Creative Nonfiction; Graphic Novel & Comics
PAMELA PETRO is a writer, artist, and educator. She works in both research nonfiction and memoir—often braiding the two together—and as a visual artist works with experimental forms of photography. In addition to the MFA, she teaches creative writing at Smith College and is the Director of the Dylan Thomas Summer School at the University of Wales, Trinity St David. Her essays have been published in Lumina, The Paris Review, Granta, Slab, and Harvard Review Online.

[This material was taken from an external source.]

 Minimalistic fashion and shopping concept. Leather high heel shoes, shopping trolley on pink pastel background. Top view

KEVIN PRUFER is the author of seven books of poetry and the editor of numerous anthologies, the most recent of which is How He Loved Them (Four Way Books), winner of the Julie Suk Award and long-listed for the 2019 Pulitzer Prize. Prufer is also Co-Curator of the Unsung Masters Series, and Professor in the Creative Writing Program at the University of Houston. Among Prufer’s awards and honors are four Pushcart prizes and multiple Best American Poetry selections, numerous awards from the Poetry Society of America, and fellowships from the National Endowment for the Arts and the Lannan Foundation.
Young Adult & Children’s
JASON REYNOLDS is an award-winning and #1 New York Times bestselling author. Jason’s many books include Miles Morales: Spider Man, the Track series (Ghost, Patina, Sunny, and Lu), Long Way Down, which received a Newbery Honor, a Printz Honor, and a Correta Scott King Honor, and Look Both Ways, which was a National Book Award Finalist. His latest book, Stamped: Racism, Antiracism, and You, is a collaboration with Ibram X. Kendi. Recently named the National Ambassador for Young People’s Literature, Jason has appeared on The Daily Show with Trevor Noah, Late Night with Seth Meyers, and CBS This Morning.

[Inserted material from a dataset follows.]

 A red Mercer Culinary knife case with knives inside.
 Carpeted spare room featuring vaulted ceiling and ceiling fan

Photo Credit: James J. Reddington
Writing for Stage and Screen
KATE SNODGRASS has taught in the Lesley University MFA in Creative Writing program since 2008. She moonlights as the Artistic Director of Derek Walcott’s Boston Playwrights’ Theatre and directs the MFA in Playwriting program at Boston University. She is the Co-Founder of the Boston Theater Marathon, now in its 22nd year. A StageSource 2001 “Theatre Hero,” she was awarded Boston’s Theatre Critics’ Elliot Norton Award for Sustained Excellence in 2012. The author of the Heideman Award-winning play Haiku, and the winner of two IRNE Awards and a Gertrude Steinberg nomination, Kate is the recipient of a 2015 Tanne Foundation Award for her passion and commitment to the Theatre. She studied acting in NYC and at the London Academy of Dramatic Arts and worked closely under Nobel Laureate Derek Walcott’s tutelage and as a colleague for 20 years until his retirement.
A.J. VERDELLE is a working mother and author of The Good Negress, a novel that won five national prizes, including: a Whiting Writers Award, finalist for the PEN/Faulkner Award, for the IMPAC/Dublin Literary Award, and for the Los Angeles Times Book Prize. Verdelle also received the Vursell Distinguished Prose Fiction award from the American Academy of Arts & Letters. Verdelle has published essays about art, photography, and Hurricane Katrina. Verdelle teaches undergraduates at Morgan State University, an HBCU in Baltimore, MD and works with graduate writers in the low-residency MFA program at Lesley University. In Fall 2021, Harper/Amistad will publish A.J. Verdelle’s memoir about her relationship with the late Toni Morrison.